AI coding tools are making software engineers dramatically more productive, but early adopters like Django co-creator Simon Willison say the mental toll is steep and unsustainable at current pacing.
Simon Willison has been building software for over two decades. He co-created Django, one of the most widely used web frameworks in the world, and has spent years thinking about how developers work. So when he says that using AI coding agents leaves him mentally drained by 11 a.m., it is worth paying attention. Willison described the experience on a recent episode of Lenny's Podcast, explaining that he regularly fires up four autonomous AI agents in parallel to tackle separate problems simultaneously. The output is impressive. The exhaustion is something he did not anticipate.
His account cuts against the dominant narrative in the AI industry right now. Companies like OpenAI, Anthropic, and Google DeepMind are racing to build autonomous agents that handle complex tasks with minimal human input. Investors and executives frequently describe a near future where AI handles the heavy lifting and humans focus on higher-level thinking. But the reality for engineers actually using these tools today looks different. They are not stepping back. They are leaning in harder, managing multiple AI workflows at once, reviewing more generated code, and making faster decisions across more fronts. The work shifts from writing code to orchestrating and evaluating it, and that requires a different kind of mental energy.
Willison is careful to say he remains genuinely bullish on AI tools. They have accelerated his research, helped him build faster, and expanded what he can accomplish in a single morning. The problem is intensity, not capability. Running several agents in parallel means constantly context-switching, reviewing outputs, correcting errors, and deciding what to delegate next. It is cognitively demanding in a way that traditional coding, for all its frustrations, is not. As Business Insider reported, Willison noted that the fatigue has become more pronounced since November, when more capable agentic systems and open-source tools made parallel workflows practical for everyday use.
He is not alone in noticing the pattern. Engineers across the industry have described similar experiences in online forums and private conversations. There is a compulsive quality to it, Willison warned. When you know your agents can keep working while you sleep, the temptation to stay up another 30 minutes becomes hard to resist. He likened it to a new skill that workers have to develop, which is learning where their limits are in an environment where those limits have suddenly moved. That observation aligns with warnings from researchers including Gary Marcus, professor emeritus of psychology and neural science at New York University, and writers at Harvard Business Review, who have argued that AI tools risk stretching workers thinner rather than lightening their load.

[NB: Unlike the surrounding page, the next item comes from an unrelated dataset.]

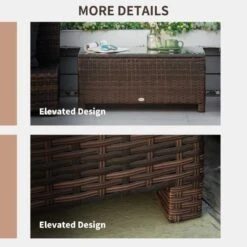 Outsunny Rattan Coffee Table With Glass Table Top - 850mm - Brown - 01-0721 -OUTSUNNY Sales Shop outsunny 01 0721 details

What This Means for Startups and Engineering Teams
The implications for startups are significant. Founders and engineering leads are under enormous pressure to adopt AI tools and demonstrate productivity gains. The market is moving fast. GitHub reported that developers using its Copilot tool completed tasks 55 percent faster on average, and venture capitalists are pouring billions into AI-native development platforms. But speed without sustainability is a liability, especially for small teams where burnout can cripple an entire product roadmap.
Engineering managers need to think carefully about how they roll out these tools. There is a meaningful difference between using AI to eliminate tedious, repetitive work and using it to compress complex, high-judgment tasks into shorter timeframes. The first approach frees people up. The second squeezes them. Both look productive in the short term, but only one is sustainable. Teams that treat AI agents as a way to do more of everything, rather than to do the right things faster, risk repeating the same mistakes that the always-on work culture already inflicted on the tech industry over the past decade.

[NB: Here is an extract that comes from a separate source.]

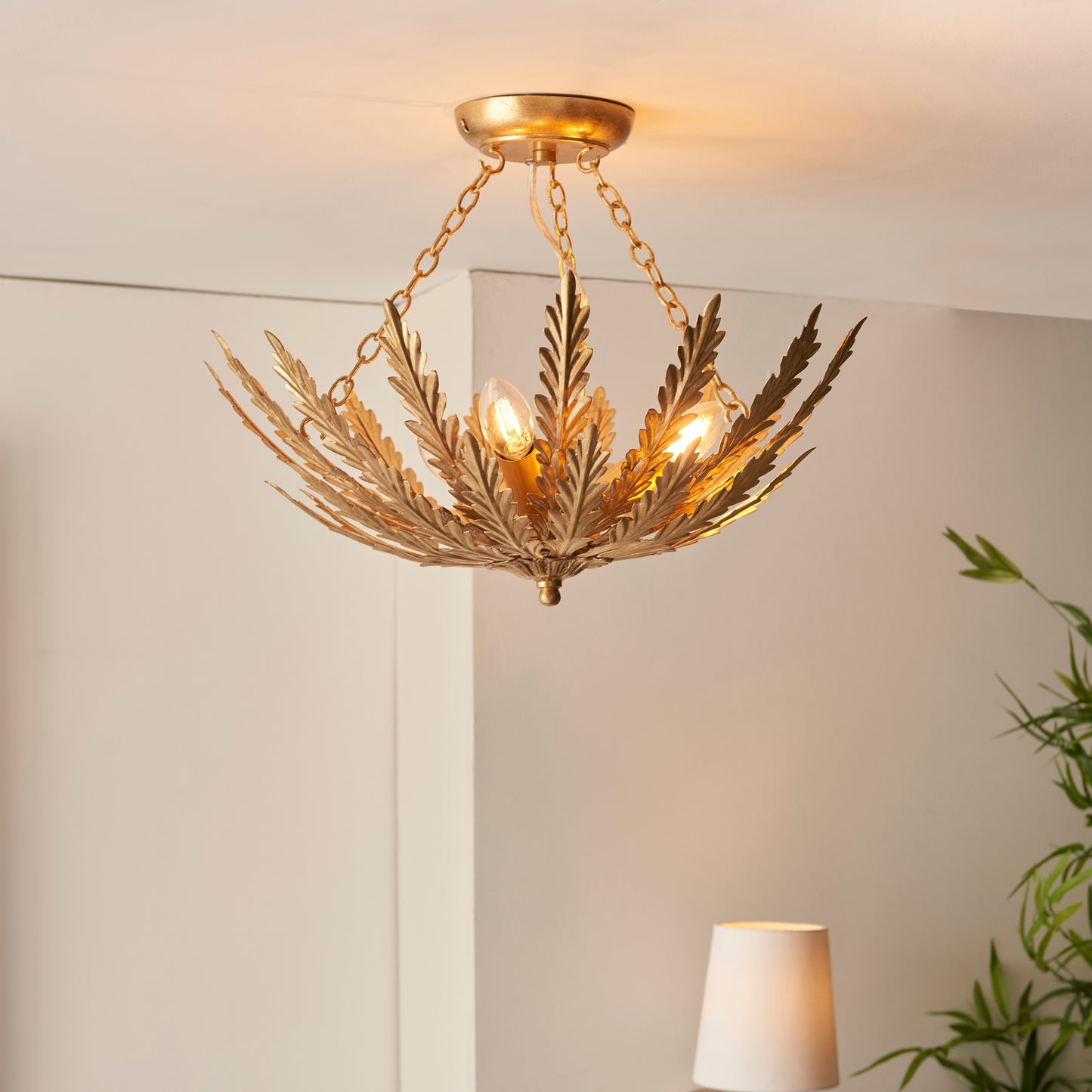 Opulent Gold Leaf Semi-Flush Light Fixture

The broader industry conversation also deserves more scrutiny. Anthropic engineer Boris Cherny suggested earlier this year that the software engineer job title could disappear from the US workforce within months. OpenAI investor Vinod Khosla has predicted that most children today will never need to work. These are provocative claims, and they serve a purpose in shaping investor sentiment and public perception. But for the engineers actually living with these tools right now, the future feels less like liberation and more like acceleration without a speed limit.
Willison's experience is a useful corrective. He is not a skeptic or a luddite. He is an accomplished engineer who uses AI tools daily, sees their value clearly, and is honest about what they cost. The industry should take that honesty seriously. If the people building with AI are burning out faster than before, the problem is not with the engineers. It is with the expectations being layered on top of them.